Getting ready for DH2017 this morning, I found myself curious about the lifespan of English words–when they come into the language and when they fall out. So I got all the earliest and latest attestation dates for all the words in OED3, and plotted them out. Here are three graphs (“visualizations,” if you like), all based on exactly the same data, that show slightly different things about the lifespan of words. Since I’m off to the conference very shortly, I’ll give all three here with minimal comment. For larger PNGs click on the image, or download the linked PDF for a detailed and scalable view.

    1. This graph shows the earliest and latest attestations, stacked from bottom to top in order of earliest to latest. Bearing in mind that about half of 2017 OED3 entries are actually 1989 OED2 entries, which are mostly 1884-1933 OED1 entries, we should consider 1800-1850 to be a fuzzy range for obsolescence today: words last-attested before then are probably now obsolete (and in fact the blurry boundary is fairly visible at around 1850). The slope of the graph represents the rate of new-word attestation: i.e. slow until 1400, then faster, with a bit of a slow down around 1700 (this is probably due to OED’s well-known deficit of 18thC quots, rather than a feature of the language). Thicker horizontal white breaks indicate periods during which new words didn’t last very long.

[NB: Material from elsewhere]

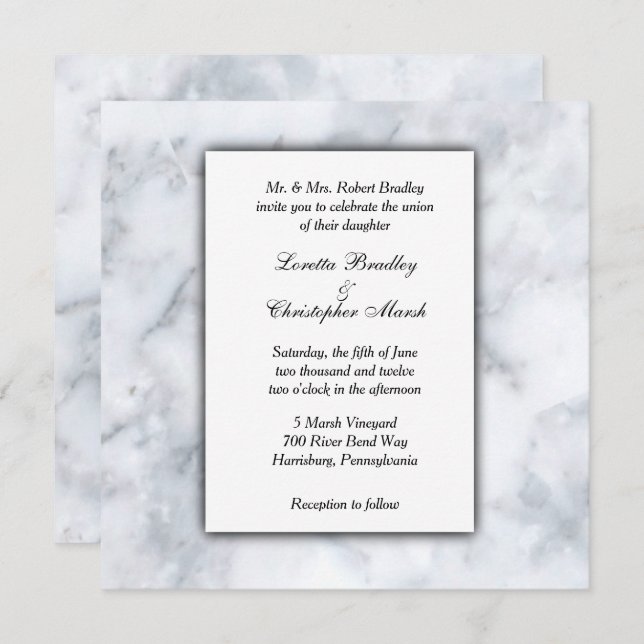 Invitación a la boda con aspecto de mármol blanco (Anverso / Reverso)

  1. Graph 2 flips the ordering of the bars, latest-to-earliest as you go up, which has the effect of left-justifying the graph. Here the slope represents the number of words still attested as active in whatever x-axis period you’re looking at (bearing in mind the fuzzy 1800-1850 border for words that could be obsolete today). This gives us a better view of the language at any one time, in terms of the relative age of its vocabulary (such as it has been preserved).
  2. Same data again here, except that it’s ordered according to the duration of the word (with equally long-lasting words ordered by latest attestation). Obviously, it stands to reason that the longest lasting words would be the oldest ones, which is why the bottom of the graph is solid orange: this is sometimes called the “Old English substrate” of the language.
    The sail shape made by the densely packed bars just above that appears to suggest that durable words are produced at a fairly steady rate (the slope is mainly just a function of how many years are left until the present) — this would mean that the changes in slope in the previous graph(s) reflect fluctuations in ephemeral words, which makes sense of the 18th C. gap (OED would be less likely to overlook a durable word than an ephemeral one, obvs.). However, the “shadow” of the sail suggests somewhat more dense periods of production at around 1400 and from c. 1550 to c. 1650. To my eyes that looks like the effect of Chaucer and Shakespeare, though most of the gap between main sail and shadow, especially after 1800, is probably due to the variance by edition (i.e. unrevised OED1 entries will have earlier latest attestations).

Anyhow, I’m off. Tell me what you see.